Write out again, exactly, the lines below starting at the one with "Kids Boys Girls" and ending at the one with "融创澜岸里 3室1厅2卫 140平方".

RECORDS FOR THIS TASK Block Start

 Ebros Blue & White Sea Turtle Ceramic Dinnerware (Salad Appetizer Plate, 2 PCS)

RECORDS FOR THIS TASK Block End
RECORDS FOR THIS TASK Block Start

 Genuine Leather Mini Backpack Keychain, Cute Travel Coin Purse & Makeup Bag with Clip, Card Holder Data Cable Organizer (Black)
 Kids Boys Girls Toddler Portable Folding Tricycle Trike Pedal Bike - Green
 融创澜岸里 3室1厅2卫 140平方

RECORDS FOR THIS TASK Block End

▶ [EXERCISE SOLUTION]:
 Kids Boys Girls Toddler Portable Folding Tricycle Trike Pedal Bike - Green
 融创澜岸里 3室1厅2卫 140平方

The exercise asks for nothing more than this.